Но все-таки за что мне, отчего
Досталась неприкаянность его,
И тайны бесполезное наследство?
Вот и всё, что я сам помню о Волошине. Потом, когда я стал постарше, родители и «тетя Маша» [19] мне, конечно, много рассказывали. Но это всё уже с чужих слов. У Марьи Степановны – тети Маши – я бывал изредка с родителями, а после войны и один приезжал ненадолго в Коктебель раза три.
Как-то раз уже в студенческие годы я у неё, да ещё при нескольких гостях, позволил себе поиздеваться над стихами Андрея Белого, над символизмом, и заодно над антропософией. Она смертельно обиделась: «.ведь Макс был антропософ, посерьёзнее даже Белого, и память Штайнера обязывает. и она не позволит. и вообще – щенок.»
Короче говоря, уехал я в тот же вечер.
На следующий год мы по причуде судьбы столкнулись в Москве в метро. Она глянула пристально и прошла мимо.
Через несколько лет я приехал в Коктебель в Дом творчества Писателей и встретил там своего приятеля, питерского поэта Леву Друскина. Лева уговорил меня помириться с Марьей Степановной и повёл меня к ней. Я вкатил в волошинский дом Левино кресло на колёсах и услышал сверху тётимашин голос, совсем старушечий: «Левушка?

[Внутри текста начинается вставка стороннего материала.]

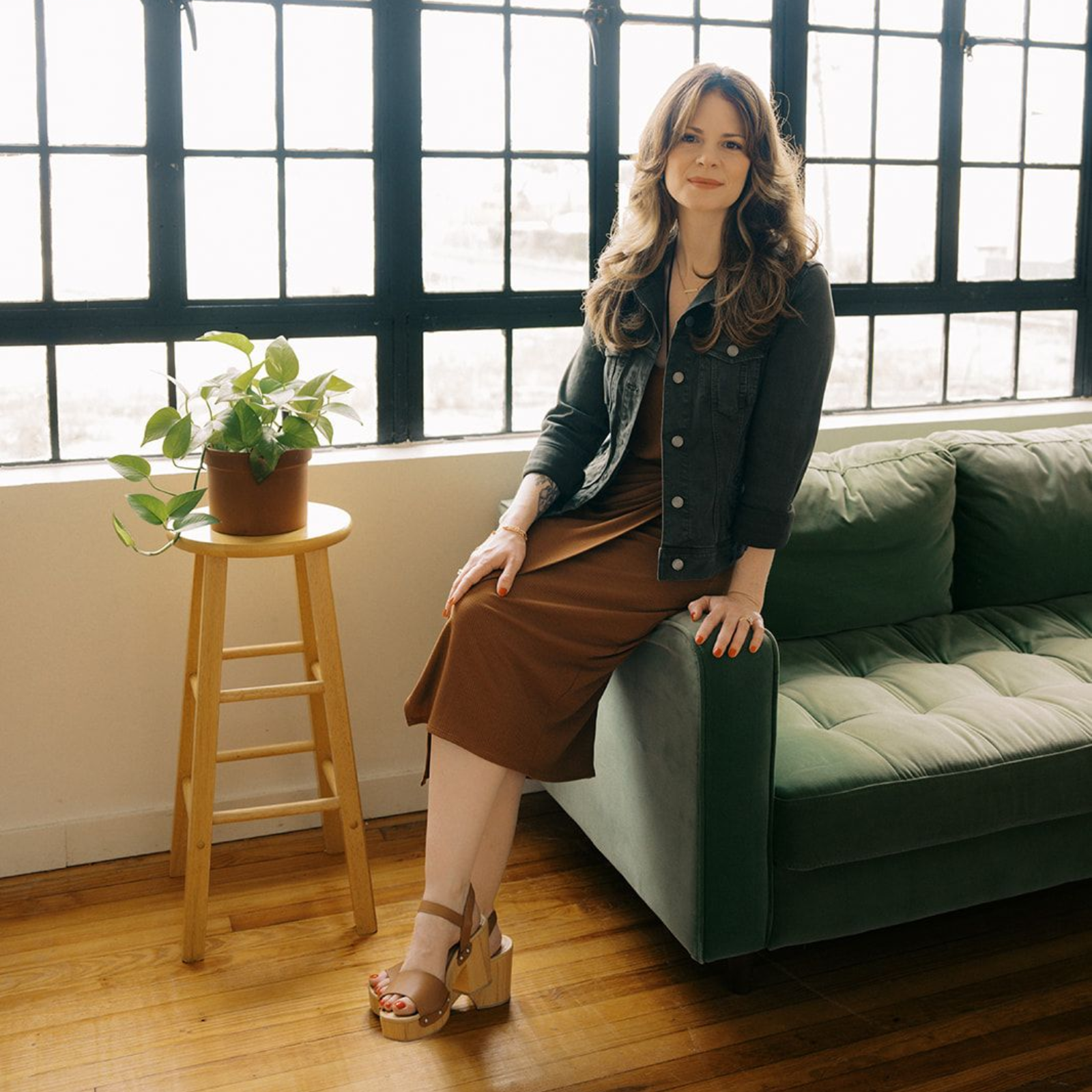 Jennifer Lancaster sitting on a couch.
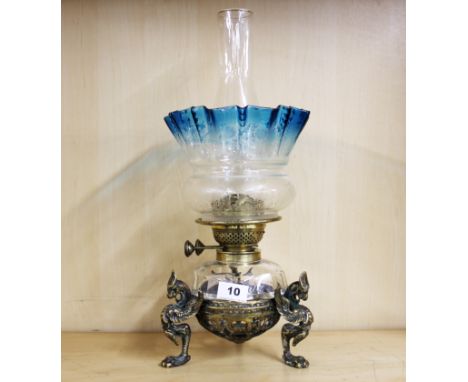 A superb Victorian brass and glass oil lamp with original fluted blue shade, H. 45cm.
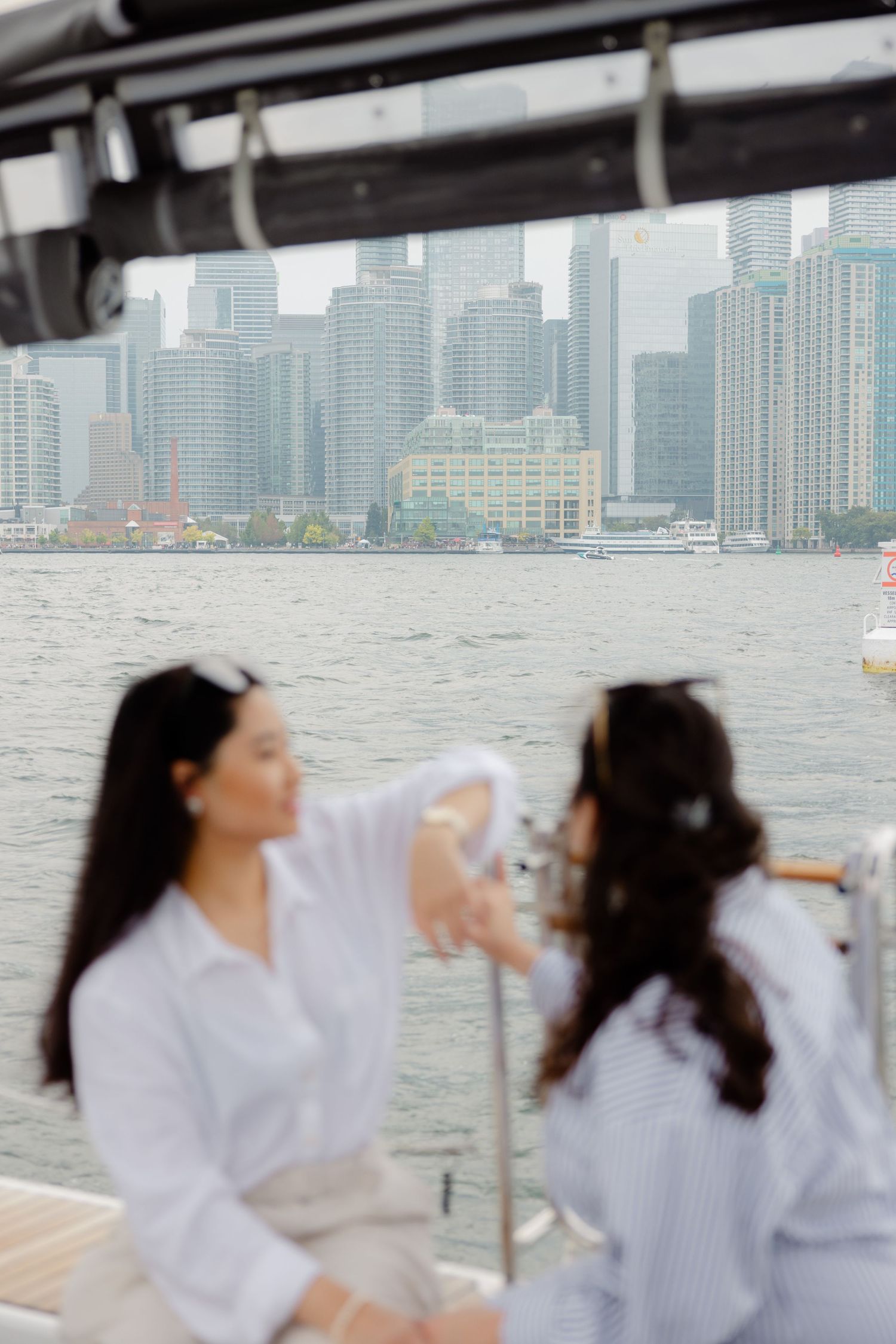 Two people in white shirts enjoying a boat ride with city skyline views across the water.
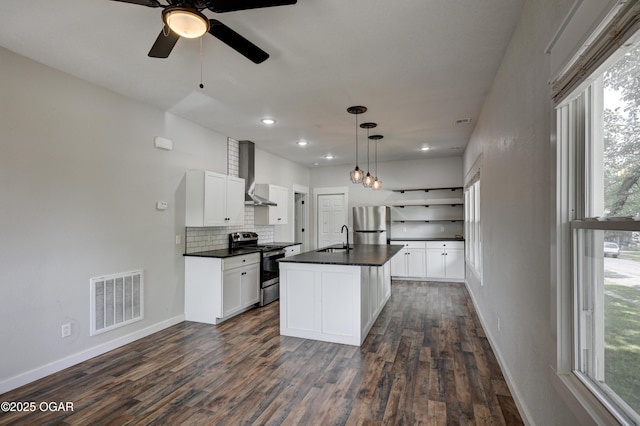 328 N Connor Ave, Joplin, MO 64801 - kitchen with stainless steel appliances, wall chimney exhaust hood, dark countertops, dark wood-type flooring, and tasteful backsplash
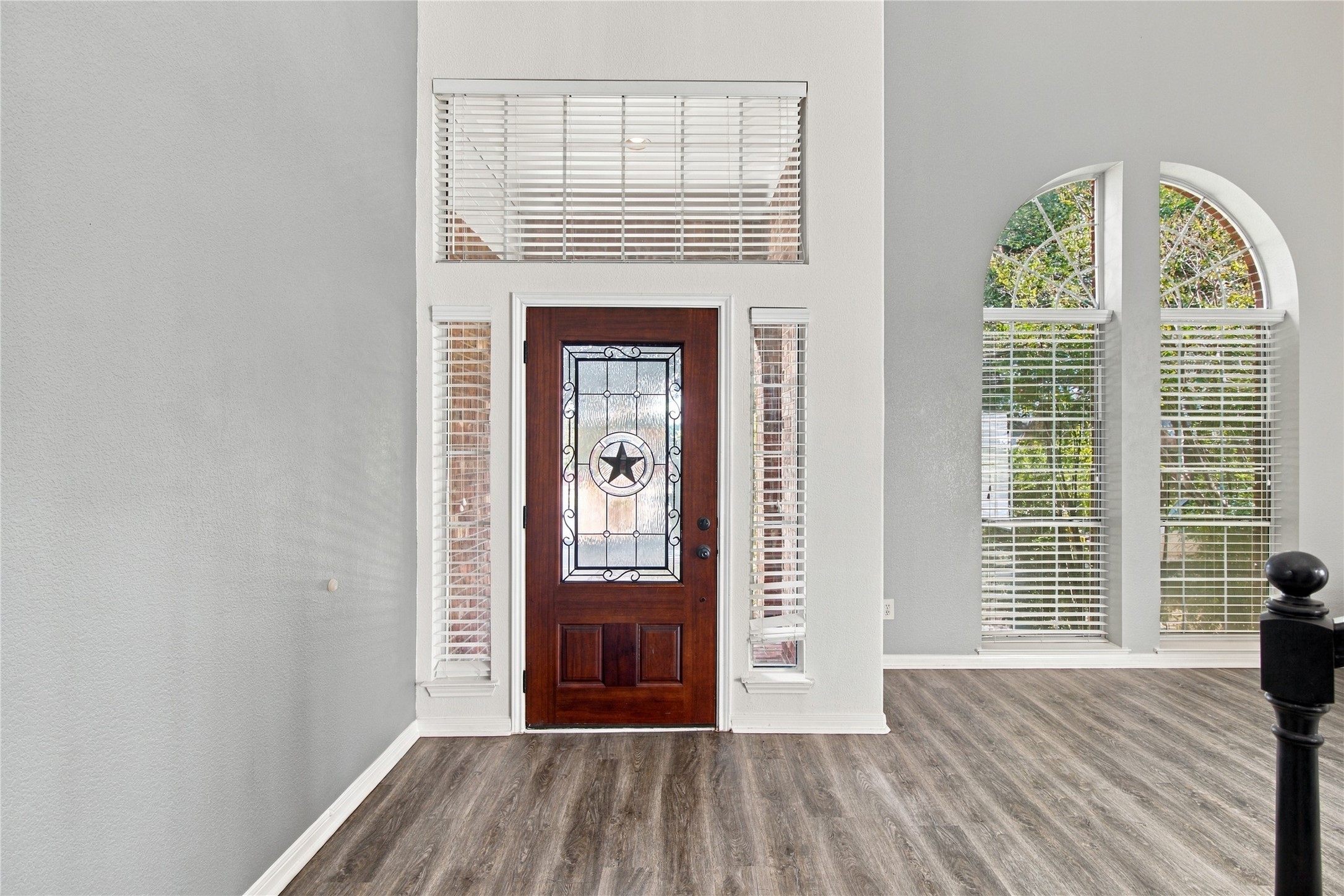 910 Point Run Drive Pflugerville, TX 78660 - Photo 9 of 39 An inviting entryway welcomes guests with towering ceilings, arched windows, and durable wood-look flooring.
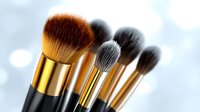 Professional makeup brushes with golden and black handles arranged in diagonal composition against soft bokeh background for cosmetic and beauty industry.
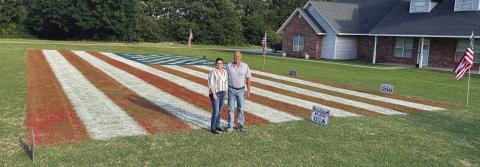 Janet and Gary Hodde stand in front of the giant U.S. flag that they painted in their front yard in McLoud. It took nearly two days and 85 gallons of paint to complete the project. Photo/Brian Blansett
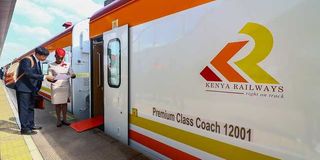 A standard gauge railway steward attends to a passenger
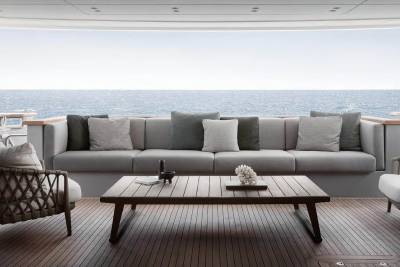 A cozy outdoor seating area with a large gray sofa, wooden coffee table, and wicker chairs overlooking the serene ocean in the background.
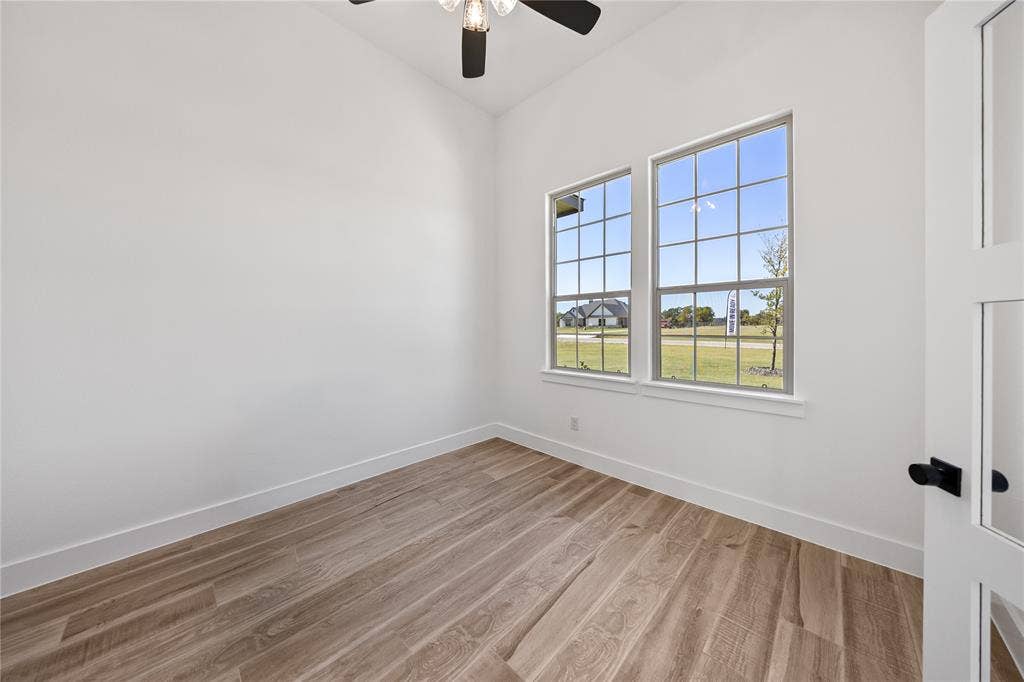 Vaulted ceiling, two paneled windows, wood-finish flooring, and a white interior door with matte black hardware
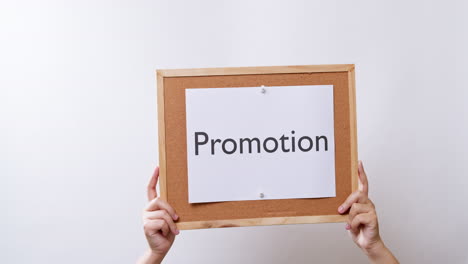 Woman's-hand-shows-the-paper-on-board-with-the-word-Promotion-in-white-studio-background-with-copy-space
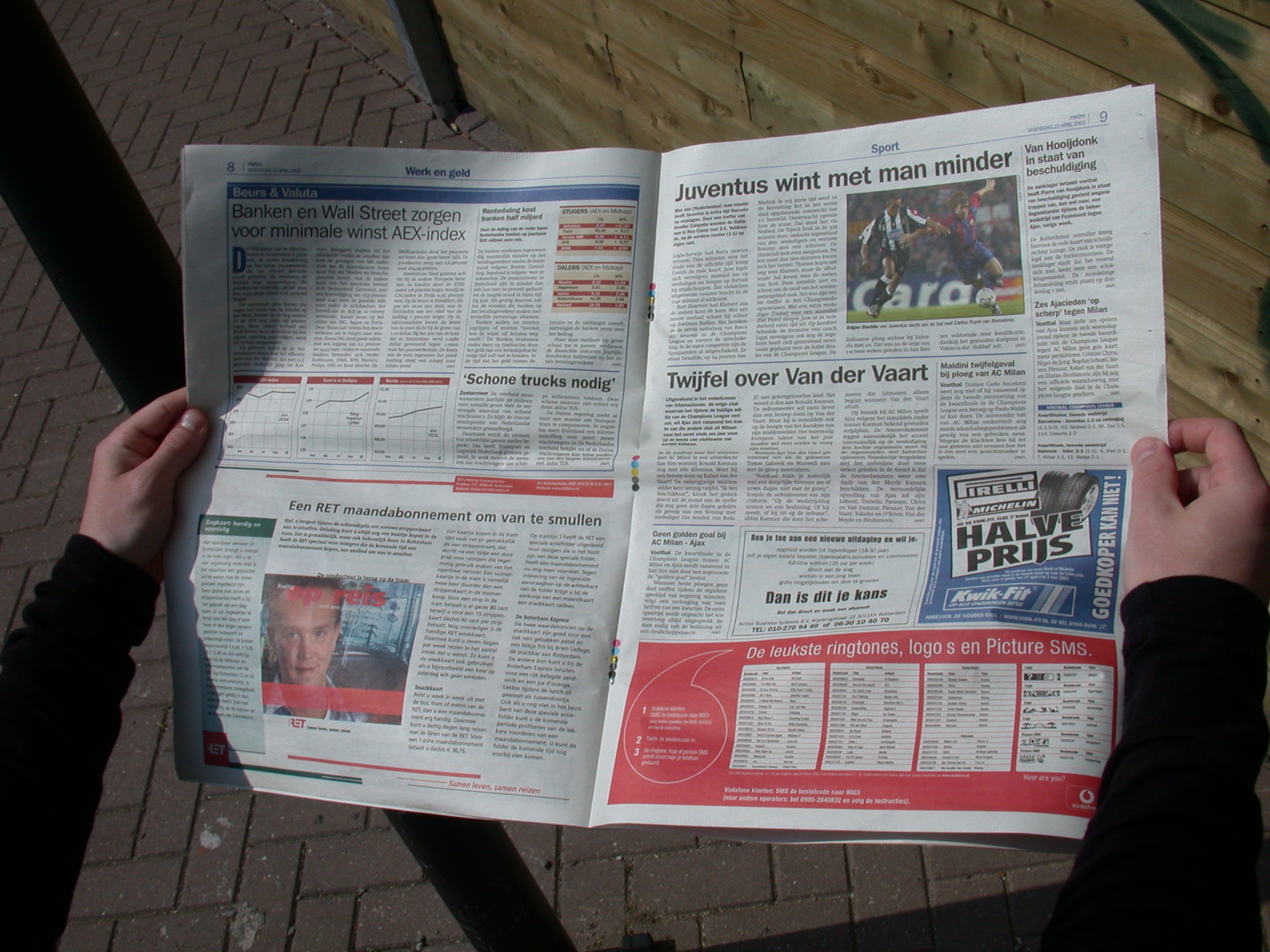 newspaper tabloid format hands holding reading juventus ads advertising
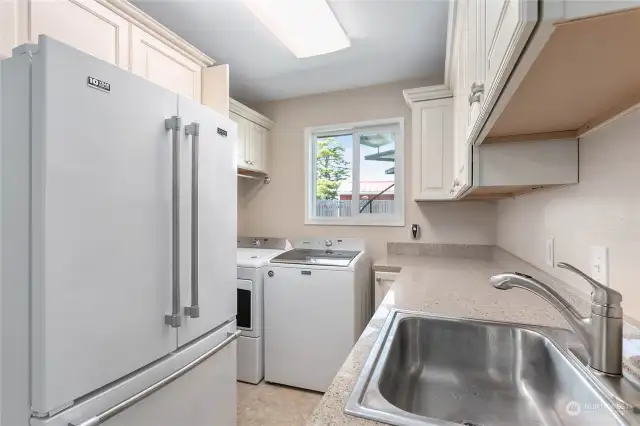 The mud room/utility room has plenty of workspace and storage and a second refrigerator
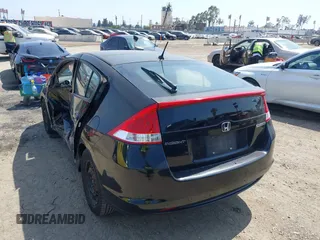 2010 Honda Insight LX with VIN JHMZE2H50AS014165, listed as a IAAI auction lot 42381535 with 169,032 mi miles and . Bid and sale history available at DreamBid. Image 3.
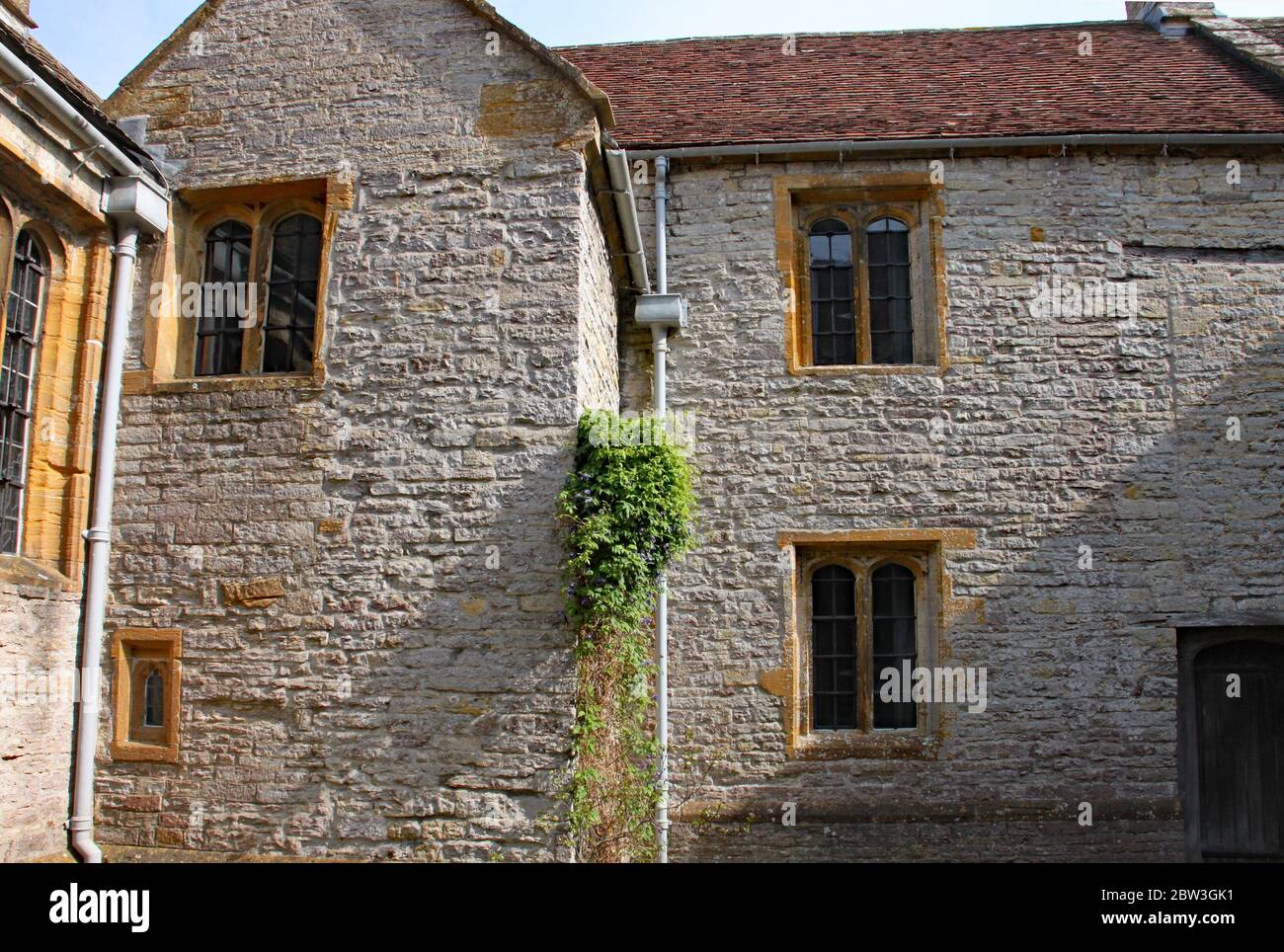 Windows and old stone walling in an English Manor House Stock Photo - Alamy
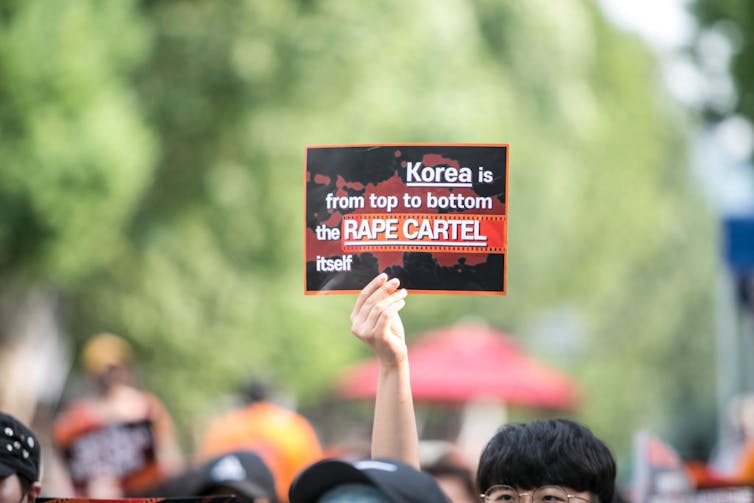 Protester holds sign that reads 'Korea is from top to bottom the rape cartel itself.'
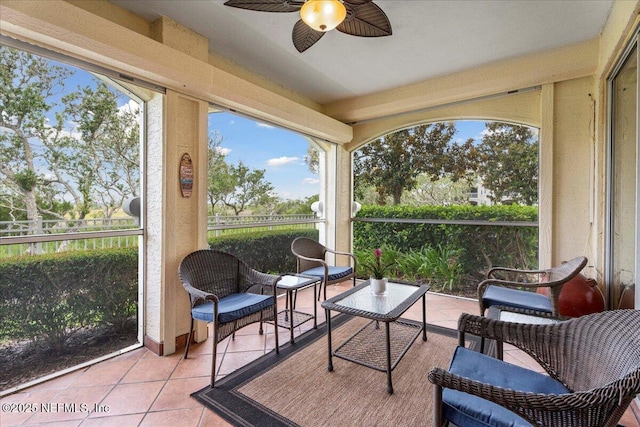 201 S Ocean Grande Dr Unit 104, Ponte Vedra Beach, FL 32082 - sunroom featuring ceiling fan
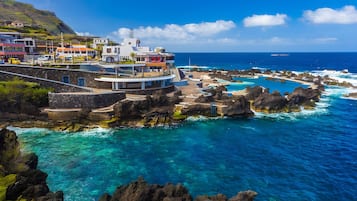 Un hotel junto a la costa con piscina, costa rocosa y mar azul cristalino.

Кто тебя приволок?». Спустилась, и Лева тут же сказал, еще до того, как она меня увидела: «Не сердитесь на него, он сам всё понимает».
Она позвала в гостиную. Усадила. Даже угощать чем-то стала. Только я видел, что всё это делается ради Лёвы. Формально мы помирились, но взаимный интерес, который был у нас, когда я был ребенком, угас, ведь с тех пор я видел М. С. только мельком, заходил, бывая в Коктебеле, с визитом вежливости. Один раз она даже пошла со мной вместе на могилу Волошина.
Со стихами Волошина я познакомился лет в шестнадцать, и тоже там, у неё в Коктебеле. Самым главным для меня сразу стал венок сонетов «Корона астралис»:
В нас тлеет боль внежизненных обид,
Изгнанники, скитальцы и поэты
И, конечно, историософские вещи, вроде «Дмитрия Самозванца».
А еще пророческие строки:
Не в первый раз мечтая о свободе,
Мы строим новую тюрьму.
Был какой-то период, когда Волошин для меня стоял вровень с Блоком. А выше Блока я в те годы и не представлял себе поэтов.
У моей мамы было четыре двоюродных брата и три двоюродных сестры. У одной из них – в Ростове на Садовой точно напротив городского сада – я смутно запомнил огромного белого шпица-самоеда, которого строго дрессировал Алик, длинный парень лет на 10 старше меня. Мой троюродный братец. Впоследствии он стал известным поэтом и переводчиком поэзии Александром Ревичем, но с тех детских лет мы с ним больше не виделись и впервые поговорили по телефону в 2008 году, когда я позвонил ему из Парижа.
Два же из маминых кузенов, да и две кузины, были Гительсоны (один из этих братьев, став актером, взял себе псевдоним Тельсен) остальные кузены все были Маршаки.
Илью Яковлевича Маршака (писавшего под псевдонимом М. Ильин) я видел как-то раз мельком, но страшно любил его книжку «Сто тысяч почему или рассказы о вещах». Эту книжку я даже в блокаду не смог сжечь в буржуйке, где полыхало тогда полное собрание сочинений Гёте.
А вот Самуила Яковлевича помню с раннего детства. До переезда в Москву он работал в ленинградском Детиздате и иногда у нас бывал. Приходя, приносил мне каждый раз в подарок книжку с яркими картинками – иногда свою, а иногда и не свою. Я всегда очень радовался. Когда же мои родители ходили к нему в гости, меня с собой они почему-то никогда не брали.